首页 > 代码库 > 变分法简介

变分法简介

本篇文章可以作为变分法的简单入门,包含下面四个部分

  1. 泛函的基本概念
  2. 预备定理
  3. Euler-Lagrange方程的推导
  4. 具体应用

一、泛函的基本概念

  变分法的诞生要追溯到Johann Bernoulli(1667-1748)于1696年提出的“最速降线问题”,这个问题是一个求极值问题,但和普通的函数求极值又有不同,它的目标函数的自变量不是一个数,而是一个函数。由于问题很新颖,很快就引起了一些大家的兴趣,其中Johann的哥哥Jacob Bernoulli(1654-1705)给出了较为一般化的解法,后来Euler(1707~1783)和Lagrange(1736-1813)在此基础上得到了Euler-Lagrange方程,从而给出了这一类问题的通用解法。

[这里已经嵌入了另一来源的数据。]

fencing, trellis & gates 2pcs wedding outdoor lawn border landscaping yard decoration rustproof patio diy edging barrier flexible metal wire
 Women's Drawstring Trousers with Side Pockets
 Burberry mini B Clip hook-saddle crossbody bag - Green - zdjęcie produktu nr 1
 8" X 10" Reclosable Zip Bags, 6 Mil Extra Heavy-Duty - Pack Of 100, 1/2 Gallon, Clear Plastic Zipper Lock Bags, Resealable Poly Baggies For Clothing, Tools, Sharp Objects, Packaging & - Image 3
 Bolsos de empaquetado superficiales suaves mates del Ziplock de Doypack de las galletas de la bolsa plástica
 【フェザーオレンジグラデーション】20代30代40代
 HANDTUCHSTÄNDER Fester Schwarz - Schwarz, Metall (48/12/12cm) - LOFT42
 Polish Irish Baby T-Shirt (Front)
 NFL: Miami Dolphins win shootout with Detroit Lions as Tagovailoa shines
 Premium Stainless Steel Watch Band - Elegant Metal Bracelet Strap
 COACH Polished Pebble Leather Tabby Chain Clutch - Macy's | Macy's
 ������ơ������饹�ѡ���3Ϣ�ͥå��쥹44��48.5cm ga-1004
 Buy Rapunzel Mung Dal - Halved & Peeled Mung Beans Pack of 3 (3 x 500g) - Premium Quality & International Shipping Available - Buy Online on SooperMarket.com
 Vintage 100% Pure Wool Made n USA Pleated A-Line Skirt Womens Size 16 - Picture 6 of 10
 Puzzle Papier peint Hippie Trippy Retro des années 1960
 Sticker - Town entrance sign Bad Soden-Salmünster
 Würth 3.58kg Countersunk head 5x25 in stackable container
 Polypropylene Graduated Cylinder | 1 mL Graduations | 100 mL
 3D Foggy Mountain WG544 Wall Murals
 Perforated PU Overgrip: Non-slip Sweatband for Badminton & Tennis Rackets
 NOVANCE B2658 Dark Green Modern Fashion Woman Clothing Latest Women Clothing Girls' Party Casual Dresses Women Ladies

  变分法要处理的是函数到实数的映射,这样的映射被称作泛函,由于我们不是要写教科书,所以这里也就不给出精确定义了,就通过下面这个例子来简单说明下。

  设函数$y = f(x) \geq 0$在$[0,1]$上连续,则\begin{align*} Q[f(x)] = \int_0^1 f(x) \mbox{d}x \end{align*}就是一个泛函,它的输入是$[0,1]$上的非负连续函数,输出是$[0,1]$区间上该函数与$x$轴之间围成的面积。

  显然泛函是函数这一概念的推广,唯一的区别就是自变量不同,那么为了求泛函极值,最直接的想法就是套用函数求极值的方法。不过在深入之前,我们需要先简单介绍些泛函的基本概念,包括连续泛函线性泛函泛函极值泛函变分,它们分别对应于连续函数、线性函数、函数极值和函数微分。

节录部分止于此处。